The revolution had started with the nobility. Spotting the weakness of the French monarchy, the nobles had succeeded in 1789 in forcing a meeting of the Estates-General, an institution that they usually controlled. Some of the nobles had hoped to enhance the power of the nobility at the expense of the monarchy, and some had hoped to institute Enlightenment reforms.
The nobles, however, were unable to form a unified coalition, and they were no match for the vigor of the liberal and radical delegates. Control of events slipped out of the hands of the nobles, and the Revolution entered a second, more liberal phase. The second phase was dominated by broadly Lockean liberals, and it was they who produced the Declaration of the Rights of Man and the Citizen.
The liberals, however, were in their turn no match for the vigor of the most radical members of the Revolution. As the members of the Girondin and Jacobin parties assumed greater power, the Revolution entered its third phase.
The Jacobin leaders were explicitly disciples of Rousseau. Jean-Paul Marat, who took on a disheveled and unbathed appearance, explained that he did so in order “to live simply and according to the precepts of Rousseau.” Louis de Saint-Just, perhaps the most bloodthirsty of the Jacobins, made his devotion to Rousseau clear in speeches to the National Convention. And speaking for the most radical of the revolutionaries, Maximilien Robespierre expressed the prevailing adoring opinion of the great man: “Rousseau is the one man who, through the loftiness of his soul and the grandeur of his character, showed himself worthy of the role of teacher of mankind.”
Under the Jacobins, the Revolution became more radical and more violent. Now the spokesmen for the general will, and having at their disposal plenty of the “universal compulsory force” that Rousseau had dreamed about with which to combat recalcitrant private wills, the Jacobins found it expedient that many die. The guillotine was busy as the radicals ruthlessly killed nobles, priests, and just about anyone whose politics was suspect. “We must not only punish traitors,” urged Saint-Just, “but all people who are not enthusiastic.” The nation had plunged into a brutal civil war, and in an enormously symbolic act, Louis XVI and Marie Antoinette were executed in 1793. That only made things worse, and all of France declined into the Reign of Terror.

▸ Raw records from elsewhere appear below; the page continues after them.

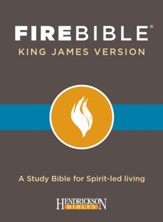 King James Version Fire Bible, bonded leather black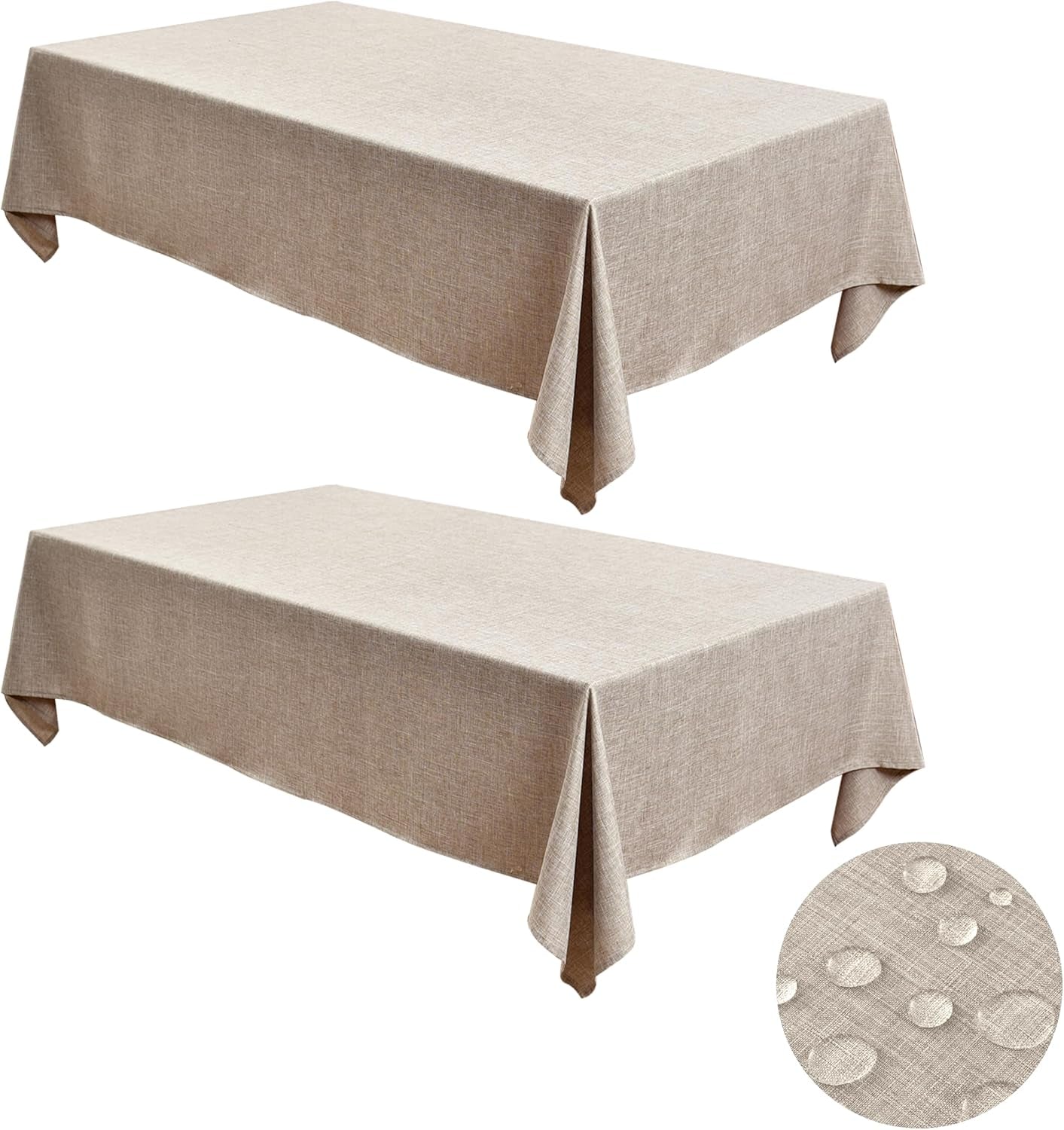 2-pack-linen-textured-rectangle-tablecloths-52-x-70-inch-nature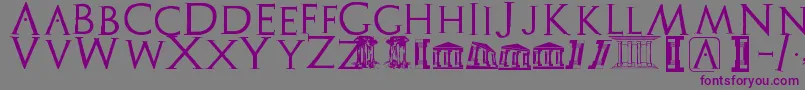 Archeologicaps Font – Purple Fonts on Gray Background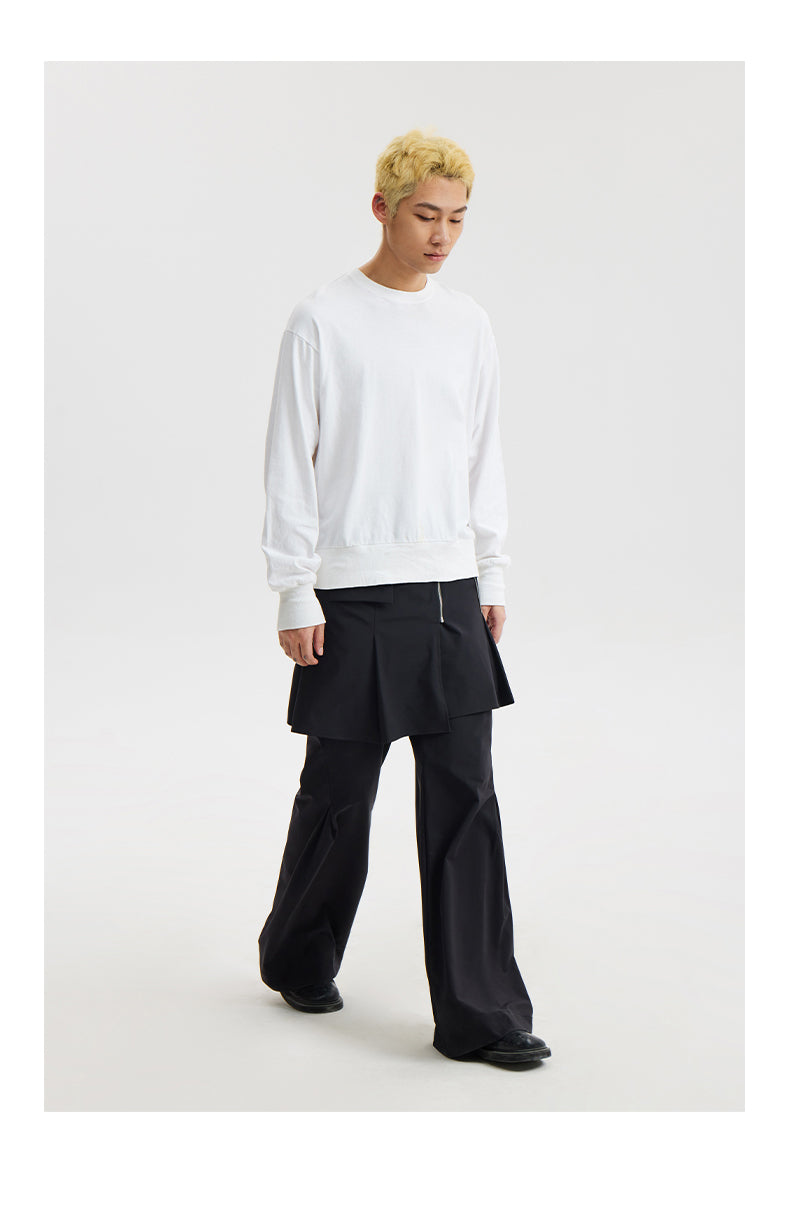 Pleated skirts and pants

The Terror ended with the arrest and execution of Robespierre in 1794, but it was too late for France. Its energies were dissipated, the nation was exhausted, and a power vacuum emerged that Napoleon Bonaparte would fill.
The story of the Counter-Enlightenment then shifts to the German states. Among German intellectuals, there had been some early sympathy for the French Revolution. German intellectuals were not ignorant of the Enlightenment in England and France. Several were attracted by Enlightenment themes, and in the mid-1700s Frederick the Great had attracted to Berlin several Enlightenment-minded scientists and other intellectuals. Berlin for a while was a hotbed of French and English influences.

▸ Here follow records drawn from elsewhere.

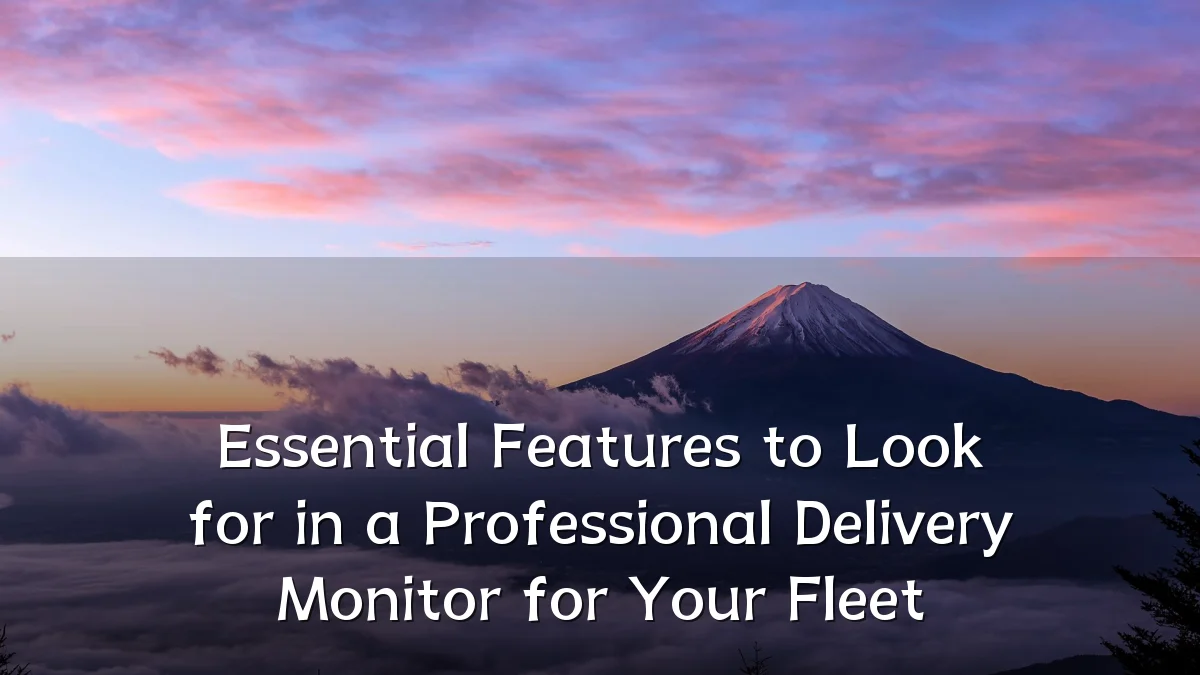 Essential Features to Look for in a Professional Delivery Monitor for Your Fleet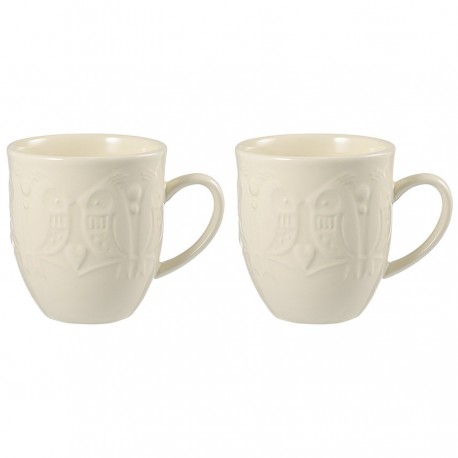 Набор кружек birds of paradise, 500 мл, кремовые, 2 шт.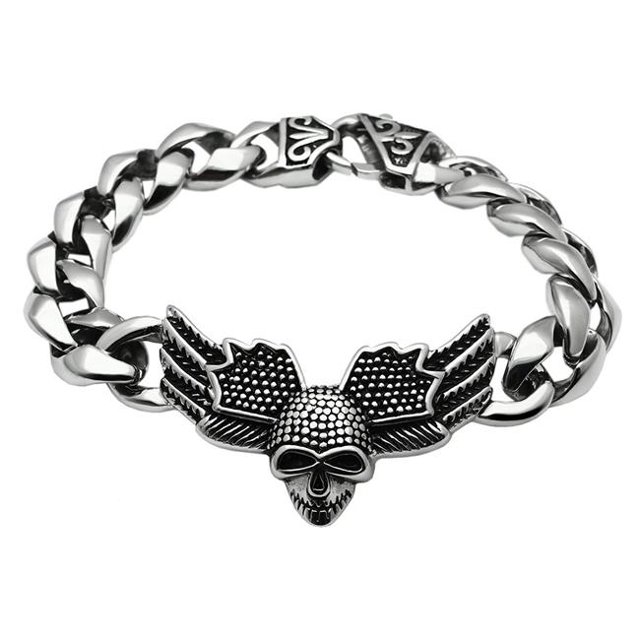 8,25 Po Haute Poli Sans Placage Bracelet en Acier Inoxydable Sans Stone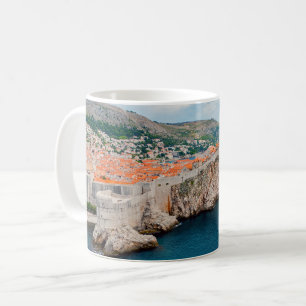 Taza De Café Tejados y murallas famosas del casco antiguo de Du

For the most part, however, the Enlightenment had made a few inroads among intellectuals in the German states. Politically and economically, Germany was a set of feudal states. Serfdom would not be abolished until the nineteenth century. The majority of the population was uneducated and agrarian. Most were deeply religious, dominantly Lutheran. Unthinking obedience to God and to one’s feudal lord had been ingrained for centuries. This was especially true in Prussia, whose people Gotthold Lessing called “the most servile in Europe.”

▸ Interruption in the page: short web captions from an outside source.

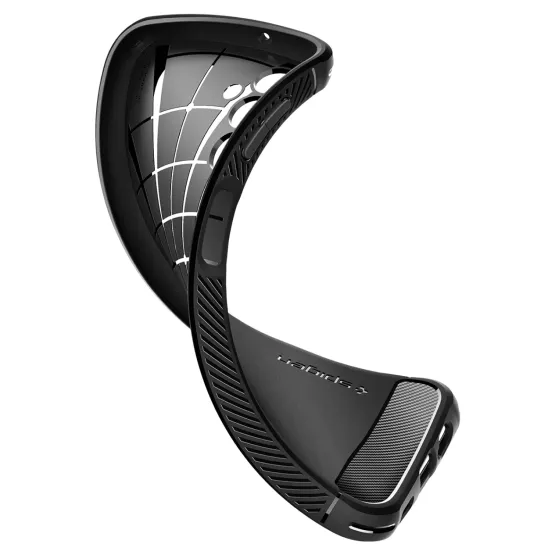 Гръб Spigen Rugged Armor за Samsung Galaxy A14 5G - Черен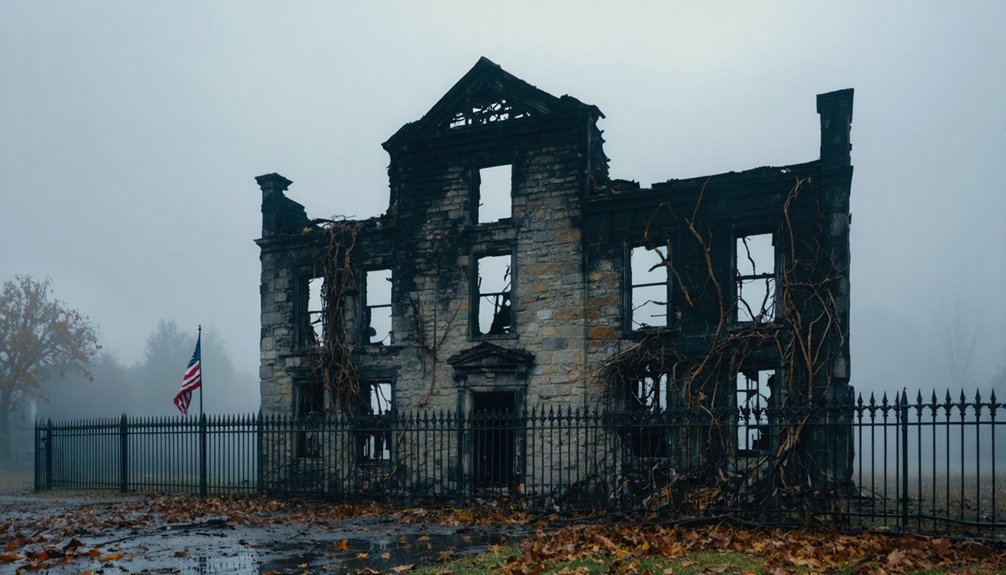 courthouse fire ignites political struggle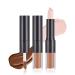 UShinein Glide&Hide Blurring Concealer Concealer & Contour Stick Creamy Texture concealers & Correctors Dark Circles and Wrinkles Dual Formula Liquid Tip & Balsem Stick Langdurige makeup up 1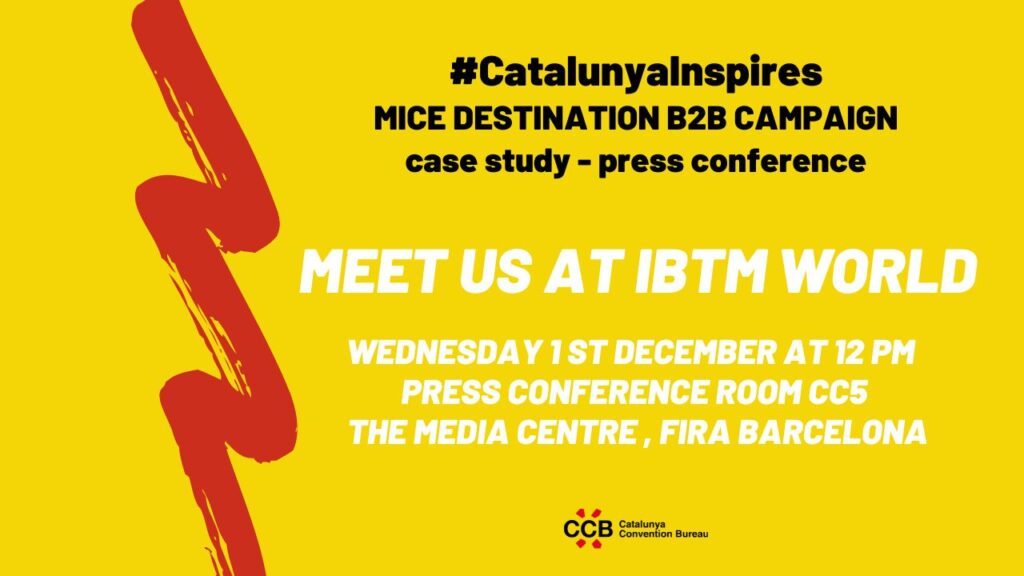 IBTM Barcelona press conference Caalunya Convention Bureau CCB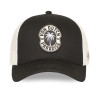 Casquette baseball avec filet et écusson brodé Palmier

So among the Germans the reports of the Terror of the French Revolution caused horror: They killed their king and queen. They hunted down priests, cut off their heads, and paraded up and down the streets of Paris with the heads stuck on the ends of pikes.
Yet the lesson most German intellectuals took from the Revolution was not that Rousseauian philosophy was the culprit. To most, the culprit was clearly the Enlightenment philosophy. The Enlightenment was anti-feudal, they noted, and the Revolution was a practical demonstration of what that means—the wholesale slaughtering of one’s sovereign lords and ladies. The Enlightenment was anti-religion, they noted, and the Revolution is a practical demonstration of what that means—killing holy men and burning down churches.
But from the German perspective, the situation became worse, for out of the power vacuum in France arose Napoleon.
Napoleon was also provided an opportunity by a weakened feudal Europe. Europe’s hundreds of small dynastic units were no match for Napoleon’s new military tactics and his sheer audacity. Napoleon ran roughshod over old feudal Europe, swept into the German states, defeated the Prussians in 1806, and proceeded to change everything.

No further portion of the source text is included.